Analysts are predicting delays in standalone (SA) 5G core network and 5G handset deployments, which are now not expected to hit the streets until 2020. That would be a year later than earlier expected and trail current deployments focused on the non-standalone (NSA) version of the 5G New Radio (NR) standard.
Dave Bolan, analyst at market research firm Dell’Oro Group, said the one-year delay is because those initial 5G NR network launches are using the NSA architecture that relies on already deployed 4G LTE evolved packet core (EPC) technology. “EPC will be the workhorse for the core through the (five-year) forecast period,” reaching a revenue peak in 2022, Bolan and Dell’Oro group said in a report.
Dell’Oro also predicts it will take three to five years for service providers to switch to a 5G-specific core, up from the one to three years predicted in the firm’s previous five-year forecast. Many service providers will wait until they have more geographic 5G NR coverage and a higher percentage of 5G devices before migrating to a 5G core, the firm explained.
Even with that forecast delay, Bolan said the overall global market for wireless packet core products will grow by 3 percent over the next five years. This will be driven by subscriber growth, increases in data usage per subscriber, and the migration of subscribers to VoLTE.

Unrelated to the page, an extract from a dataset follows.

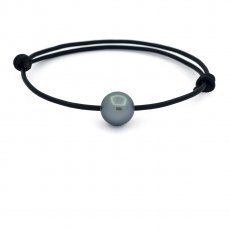 Braccialetto in Cuoio e 1 Perla di Tahiti Rotonda C 10.7 mm
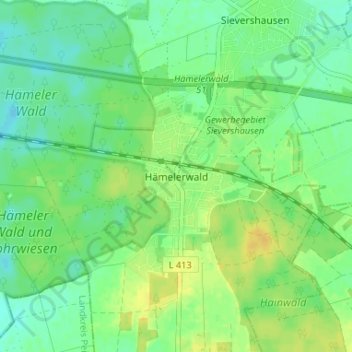 Topografische Karte Hämelerwald, Höhe, Relief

Other analysts, including Jack Gold of J.Gold Associates, said the 3 percent growth rate is somewhat conservative as there will be spikes in growth as 5G expands in different regions, with much of the earliest growth in Asia.

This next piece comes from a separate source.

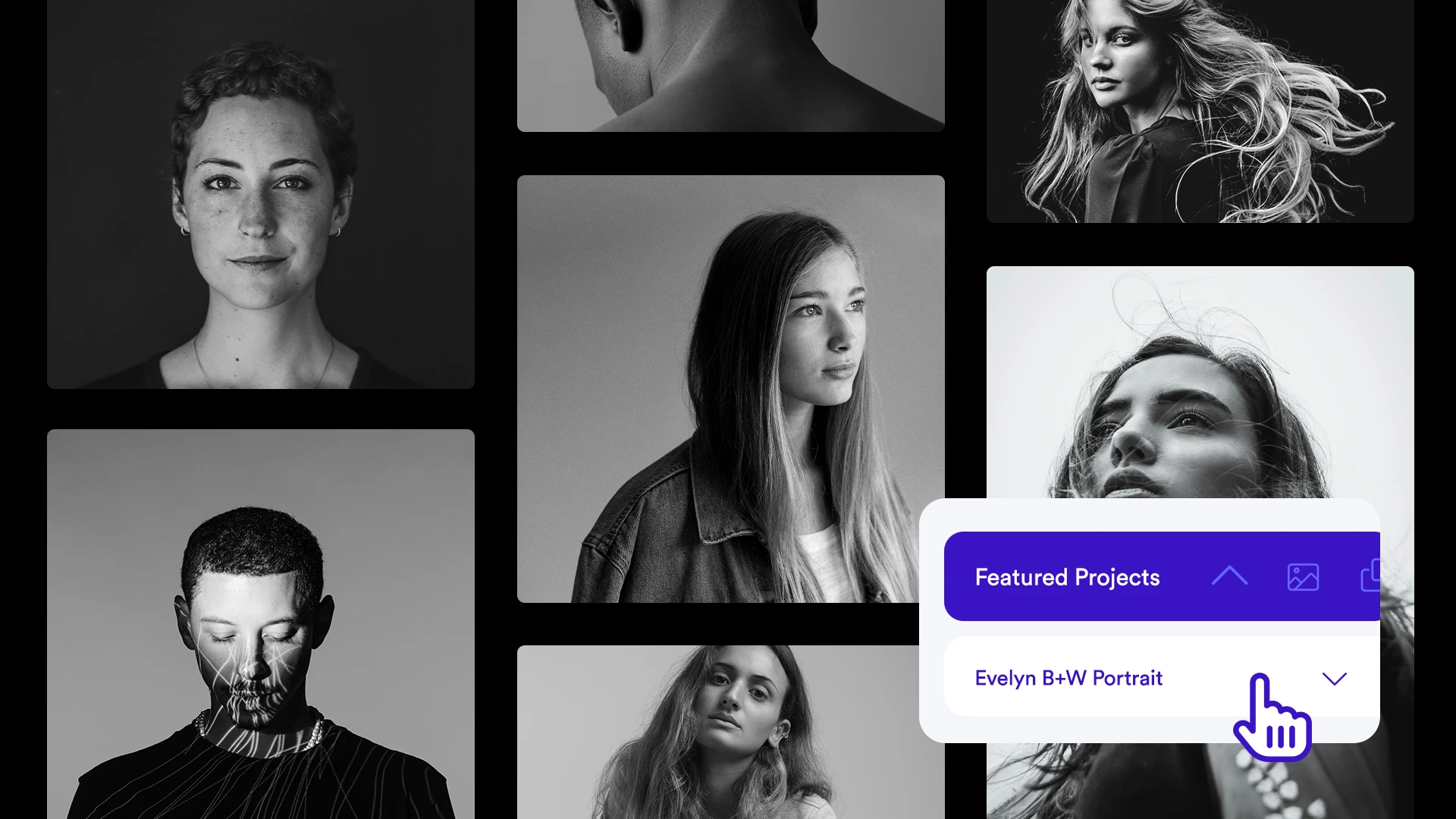 Morello Website Portfolio App Featuring B&W Portrait Photography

Roger Enter, an analyst at Recon Analytics, said many experts and carriers had already expected a lengthy transition from 4G EPC to the first true 5G core deployments.
Entner said a much bigger concern than the evolution of network cores to 5G is how easily 5G phone makers such as Samsung can gain access to magnetics components as a trade dispute continues between the U.S. and China.
“There are not that many magnetics makers around and that’s a gating factor for how many 5G phones that Samsung or anybody could sell,” Entner said. “It’s a big concern.”
Active and passive magnetics are used in smartphones to manage the power in a phone, partly to meet changing network demands. Entner said an industry insider told him that with smartphone magnetics on a list of products subject to tariffs by the U.S., phone makers worry it will be difficult to supply the demand for new 5G phones.
Entner expects some 5G phones running in the sub-6 GHz band to hit the U.S. market late in 2019, with some others connecting to millimeter wave spectrum. The remainder of 2019 will prove to be a good year for application and device developers to build products that take advantage of the edge computing and low latency capabilities of 5G, even if networks are not widespread, he said.
The delay in 5G SA deployments comes as many global operators continue to struggle with equipment supplier options.
The latest example was Vodafone’s move last week to suspend network equipment purchases from China-based vendor Huawei over security concerns. Vodafone CEO Nick Read said there was too much “noise” around Huawei as governments consider bans against the Chinese technology firm over worries that Huawei equipment could pose security threats. Such bans would create a “significant delay” for carriers’ 5G deployments, he told reporters.
Dell’Oro Group’s Bolan said those concerns did not impact the research firm’s change to its forecast.